* DATA EXCERPTS *
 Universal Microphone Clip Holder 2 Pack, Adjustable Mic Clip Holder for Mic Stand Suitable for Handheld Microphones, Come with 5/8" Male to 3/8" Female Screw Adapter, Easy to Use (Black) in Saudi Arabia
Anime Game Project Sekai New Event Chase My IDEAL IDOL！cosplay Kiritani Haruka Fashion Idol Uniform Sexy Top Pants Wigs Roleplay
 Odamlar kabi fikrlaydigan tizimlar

...

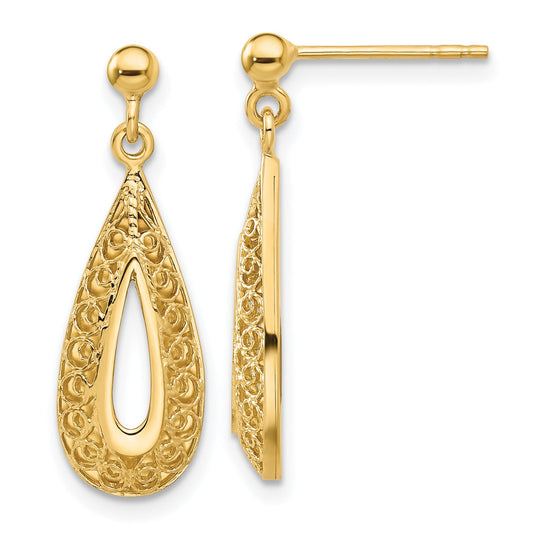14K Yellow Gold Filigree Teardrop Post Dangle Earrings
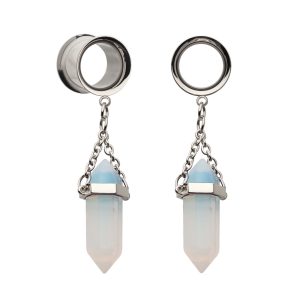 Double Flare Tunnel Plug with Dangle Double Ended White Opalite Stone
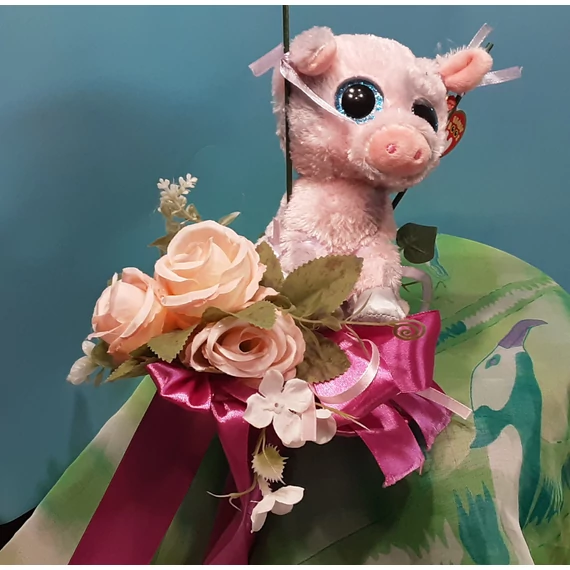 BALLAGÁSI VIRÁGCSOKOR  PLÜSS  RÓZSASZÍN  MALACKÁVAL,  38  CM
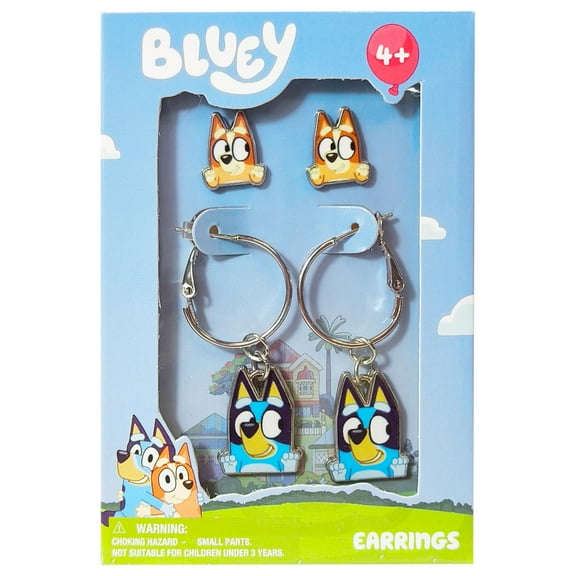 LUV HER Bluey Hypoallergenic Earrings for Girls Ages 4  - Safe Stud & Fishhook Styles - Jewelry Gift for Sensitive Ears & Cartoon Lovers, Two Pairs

* * *

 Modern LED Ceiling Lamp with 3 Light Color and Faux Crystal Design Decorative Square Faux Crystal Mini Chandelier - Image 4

* DIRECTIONS *
Look above for the line holding "Universal Microphone Clip", then set down exactly that line and every line after it up to and including the line holding "Odamlar kabi fikrlaydigan tizimlar", with nothing else.

* RESPONSE BELOW *
 Universal Microphone Clip Holder 2 Pack, Adjustable Mic Clip Holder for Mic Stand Suitable for Handheld Microphones, Come with 5/8" Male to 3/8" Female Screw Adapter, Easy to Use (Black) in Saudi Arabia
Anime Game Project Sekai New Event Chase My IDEAL IDOL！cosplay Kiritani Haruka Fashion Idol Uniform Sexy Top Pants Wigs Roleplay
 Odamlar kabi fikrlaydigan tizimlar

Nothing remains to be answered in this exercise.